私の中にじわじわと広がっていったのは怒りだった。でも私はその怒りをなるべく外に出さないように胸の中にしまって微笑んだ。

これは研修だから。お互いの成長のために取り入れられた仕組みだから。

そう言い聞かせる。

講師は、弱さをさらけ出すことは辛いことだけれど、それをお互いに見せ合い、固定観念となっているものを指摘し合うことで成長できるのだと説いた。

また、怒りが湧いた。何故そんなことをしなくてはならないんだろう。痛みを伴うものを人に強いるのだろう。……適当にやったらいい、こんなの。

お互いの目標や変わりたいと思っているところについて語り合った。参加者は皆、真剣で前向きな悩みや、仕事に対する想いを語った。矛盾する行動を取ってしまう苦しい心のうちや、自分を恥じる気持ちを語った。心の奥底に根強くある固定観念を問いを重ねながら探った。

私の番が回ってきた。

でも今、仕事上での目標が、どれだけ考えても思いつかなかった。与えられたものはもちろんやる。けれど、自分がよりよくなるためや、組織に貢献するための目標と言われると、表面的なものしか出てこない。

私は、これまでそういうものを考えてトライしていくのが得意なはずだった。いつも自分を変えようとしていた。毎日少しでも、よりよくなろうと。野心的ですらあった。何故か今、そういうものを考えるのがとても苦しい。

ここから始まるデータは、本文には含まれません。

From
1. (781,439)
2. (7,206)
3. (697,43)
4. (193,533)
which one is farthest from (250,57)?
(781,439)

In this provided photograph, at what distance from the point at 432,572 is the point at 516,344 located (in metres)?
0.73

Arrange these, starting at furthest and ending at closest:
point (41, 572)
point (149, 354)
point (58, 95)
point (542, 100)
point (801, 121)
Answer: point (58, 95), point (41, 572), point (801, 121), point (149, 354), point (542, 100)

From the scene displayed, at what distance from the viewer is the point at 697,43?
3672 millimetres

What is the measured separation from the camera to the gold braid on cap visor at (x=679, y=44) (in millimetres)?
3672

内省や振り返りも、大好きで得意なはずだったのに。いろんな角度でワークをしながら問いを受けて、「……わからないです」「……なんでなんですかね」「いやー……思いつかないです」そんなことをのらくらと言いながら曖昧な笑みで誤魔化すことしかできなかった。

そうするうちにじわりと涙が滲んだ。苦しかった。

何が今、自分に起こっているのか、わからないのが苦しい。

「今とても疲れて、自信をなくしているんだね」

優しい上司はそう言ってくれた。

でも私は好きだった会社に入ってやりたい仕事をして、職場環境もよくて幸せなはずで。お金の問題はあったけど副業をするようになって少しはマシになったし。もしかしたら今年昇給もするかもしれないし。

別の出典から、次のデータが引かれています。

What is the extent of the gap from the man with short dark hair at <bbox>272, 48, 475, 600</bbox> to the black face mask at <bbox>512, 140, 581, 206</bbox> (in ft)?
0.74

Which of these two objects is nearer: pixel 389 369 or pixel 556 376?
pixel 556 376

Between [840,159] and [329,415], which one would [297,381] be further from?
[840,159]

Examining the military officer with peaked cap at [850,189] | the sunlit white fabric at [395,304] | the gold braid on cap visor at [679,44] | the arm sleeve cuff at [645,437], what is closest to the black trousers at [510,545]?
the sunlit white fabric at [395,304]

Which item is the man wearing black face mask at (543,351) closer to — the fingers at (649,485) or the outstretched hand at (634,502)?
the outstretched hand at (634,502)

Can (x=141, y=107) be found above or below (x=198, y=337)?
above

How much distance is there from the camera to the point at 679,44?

私は怖かった。こんなに良い職場にいたって、たった一年で気持ちが萎えて、こんなに疲れ切ってしまうのならば、どこに行ったって結局私は長続きしないのではないか。もう転がり落ちるばかりなのではないか。疲れてる、って、なんで?一体いつ、その疲れはなくなるの?どうしたら?

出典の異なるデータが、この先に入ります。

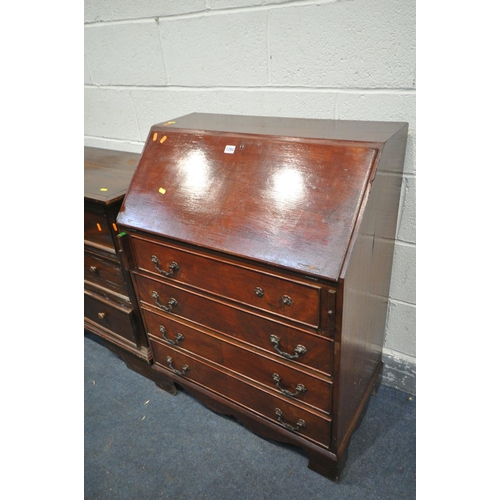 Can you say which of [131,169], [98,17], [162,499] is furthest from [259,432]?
[98,17]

職種的に、向いていないのかもしれないとか、いや今はリモートワークだし会社も景気がいいとは言えない状況だから負荷がかかってるだけだよとか、副業や小説書きもはじめたから単純にキャパオーバーなんじゃないかとか、色々考えてみはする。

言行一致してないことで自分で自分を追い詰めてるのが原因のような気もしている。入社時に口で言ってたことを思うようにやれていないこととか。人を呪わば穴二つ、ではないけれど、人の悪口を言ったけれど自分も同じような行動をしてしまっていることが気になっているのかも、とか。

そういうのを解きほぐして、疲れやモチベーションダウンの原因や、何故内省がこんなに苦しくなってしまったのか、どうやってこれからの数年を過ごしていくべきなのか……そういうのを考えていかなければと、思う。思うけれど、考えようとすると頭がフリーズする。パートナーにすら、うまく喋れない。口が止まる。

もう回復するまで寝たり運動したり本を読んだり、やり過ごすしかないのかもしれない。そう思いながら始まったばかりの連休をひたすらごろごろしながら過ごしている。